With her rare ability to breathe fire, Jacinda is special even among the draki—the descendants of dragons who can shift between human and dragon forms. But when Jacinda’s rebelliousness leads her family to flee into the human world, she struggles to adapt, even as her draki spirit fades. The one thing that revives it is Will, whose family hunts her kind. Jacinda can’t resist getting closer to him, even though she knows she’s risking not only her life but the draki’s most closely guarded secret.






This new title, from Tor, sounds fantastic too – I’ll be in line for my copy!

The world is only half made. What exists has been carved out amidst a war between two rival factions: the Line, paving the world with industry and claiming its residents as slaves; and the Gun, a cult of terror and violence that cripples the population with fear. The only hope at stopping them has seemingly disappeared—the Red Republic that once battled the Gun and the Line, and almost won. Now they’re just a myth, a bedtime story parents tell their children, of hope.

To the west lies a vast, uncharted world, inhabited only by the legends of the immortal and powerful Hill People, who live at one with the earth and its elements. Liv Alverhyusen, a doctor of the new science of psychology, travels to the edge of the made world to a spiritually protected mental institution in order to study the minds of those broken by the Gun and the Line. In its rooms lies an old general of the Red Republic, a man whose shattered mind just may hold the secret to stopping the Gun and the Line. And either side will do anything to understand how.

I loved Tim Akers’ Heart of Veridon, so when I saw that he has a new book, I was a goner.

Eva Forge is the last paladin of a dead God. Morgan, God of battle and champion of the Fraterdom, was assassinated by his jealous brother, Amon. Over time, the Cult of Morgan has been surpassed by other gods, his blessings ignored in favor of brighter technologies and more mechanical miracles. Eva was the last child dedicated to the Cult of Morgan, forsaken by her parents and forgotten by her family. Now she watches as her new family, her Cult, crumbles all around her.

When a series of kidnappings and murders makes it clear that someone is trying to hasten the death of the Cult of Morgan, Eva must seek out unexpected allies and unwelcome answers in the city of Ash. But will she be able to save the city from a growing conspiracy, one that reaches back to her childhood, even back to the murder of her god?

And that’s it from us! What books do you have on your radar?

7 Comments

  • Kristen
    May 15, 2010 at 6:47 am

    The Half-Made World was on my list to get at BEA, too. 🙂 It sounds good and I’ve heard some good things about another book by the author.

  • Carolyn Crane (CJ)
    May 15, 2010 at 7:19 am

    Wow! Look at all these books I haven’t even heard about! Where do you find them. I love Fat Vampire.
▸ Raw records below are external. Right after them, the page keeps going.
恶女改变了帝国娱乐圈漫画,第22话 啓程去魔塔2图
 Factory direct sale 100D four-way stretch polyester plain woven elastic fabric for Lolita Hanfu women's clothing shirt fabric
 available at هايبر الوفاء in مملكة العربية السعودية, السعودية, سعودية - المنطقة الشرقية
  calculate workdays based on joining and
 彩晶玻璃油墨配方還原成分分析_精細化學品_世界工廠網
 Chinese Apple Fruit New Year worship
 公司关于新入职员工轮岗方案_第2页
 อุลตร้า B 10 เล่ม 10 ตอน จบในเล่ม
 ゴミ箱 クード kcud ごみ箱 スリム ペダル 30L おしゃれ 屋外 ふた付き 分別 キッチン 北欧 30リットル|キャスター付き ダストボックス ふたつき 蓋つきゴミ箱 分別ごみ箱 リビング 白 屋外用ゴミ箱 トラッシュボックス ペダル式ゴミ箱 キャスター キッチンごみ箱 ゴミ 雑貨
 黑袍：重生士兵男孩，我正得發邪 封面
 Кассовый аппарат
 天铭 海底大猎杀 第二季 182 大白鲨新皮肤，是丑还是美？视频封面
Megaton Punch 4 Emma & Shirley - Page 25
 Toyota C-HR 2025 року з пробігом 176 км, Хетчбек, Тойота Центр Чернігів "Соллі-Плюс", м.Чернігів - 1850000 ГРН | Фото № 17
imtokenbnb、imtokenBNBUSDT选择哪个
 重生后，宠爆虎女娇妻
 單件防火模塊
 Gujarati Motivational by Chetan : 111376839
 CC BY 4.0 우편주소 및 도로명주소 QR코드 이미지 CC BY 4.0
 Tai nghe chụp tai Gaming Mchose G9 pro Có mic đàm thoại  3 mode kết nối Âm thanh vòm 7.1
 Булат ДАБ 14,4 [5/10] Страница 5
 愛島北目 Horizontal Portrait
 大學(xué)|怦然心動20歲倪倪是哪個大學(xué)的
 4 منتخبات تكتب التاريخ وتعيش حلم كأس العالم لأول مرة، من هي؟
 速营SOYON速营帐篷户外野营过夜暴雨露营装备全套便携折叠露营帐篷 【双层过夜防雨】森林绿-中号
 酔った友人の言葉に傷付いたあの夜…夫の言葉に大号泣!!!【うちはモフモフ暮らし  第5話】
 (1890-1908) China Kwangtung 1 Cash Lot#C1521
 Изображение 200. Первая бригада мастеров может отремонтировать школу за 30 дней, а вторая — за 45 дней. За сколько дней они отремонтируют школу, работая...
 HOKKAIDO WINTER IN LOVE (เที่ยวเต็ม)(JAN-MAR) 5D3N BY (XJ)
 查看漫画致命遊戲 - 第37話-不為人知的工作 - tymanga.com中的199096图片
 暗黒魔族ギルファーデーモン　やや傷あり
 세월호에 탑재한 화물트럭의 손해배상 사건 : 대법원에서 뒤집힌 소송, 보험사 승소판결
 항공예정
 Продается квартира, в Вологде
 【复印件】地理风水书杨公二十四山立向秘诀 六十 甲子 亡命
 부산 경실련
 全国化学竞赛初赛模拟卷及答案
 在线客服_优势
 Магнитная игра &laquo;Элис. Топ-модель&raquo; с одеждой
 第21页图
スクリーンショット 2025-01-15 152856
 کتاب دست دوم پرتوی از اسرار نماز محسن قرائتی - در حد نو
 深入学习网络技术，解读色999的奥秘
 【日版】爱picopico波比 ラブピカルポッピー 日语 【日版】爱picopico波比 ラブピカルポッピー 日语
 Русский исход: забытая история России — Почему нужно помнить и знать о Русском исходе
Oh, oh, what a great idea.

  • danielle
    May 15, 2010 at 9:24 am

    your killing me, ladies.

  • xy_zero
    May 15, 2010 at 12:49 pm

    Wow, that Darnton book sounds interesting; I think I’ll have to get that.

  • Amanda
    May 15, 2010 at 4:39 pm

    Yet again, I come here and add more books to my TBR list. I think I’ll DIE before I ever get to the end of that list!

  • Thea
    May 15, 2010 at 5:04 pm

    Kristen – *highfives* The Half-Made World is on the top of my list for books I must get on Wednesday morning at BEA. Cannot wait!

    CJ – Fat Vampire sounds…delectable, doesn’t it? I love the cover too!

    Danielle – Mmmmmwahahahahahahahahaha! (Somehow, my evil laugh doesn’t look as menacing when it’s typed out) 😈

    xy_zero – Hope you enjoy it!

    Amanda – You, me and Ana, dude. The TBR…I don’t think it ever CAN be vanquished. It’s like the hydra – you lop off one book and two more take its place.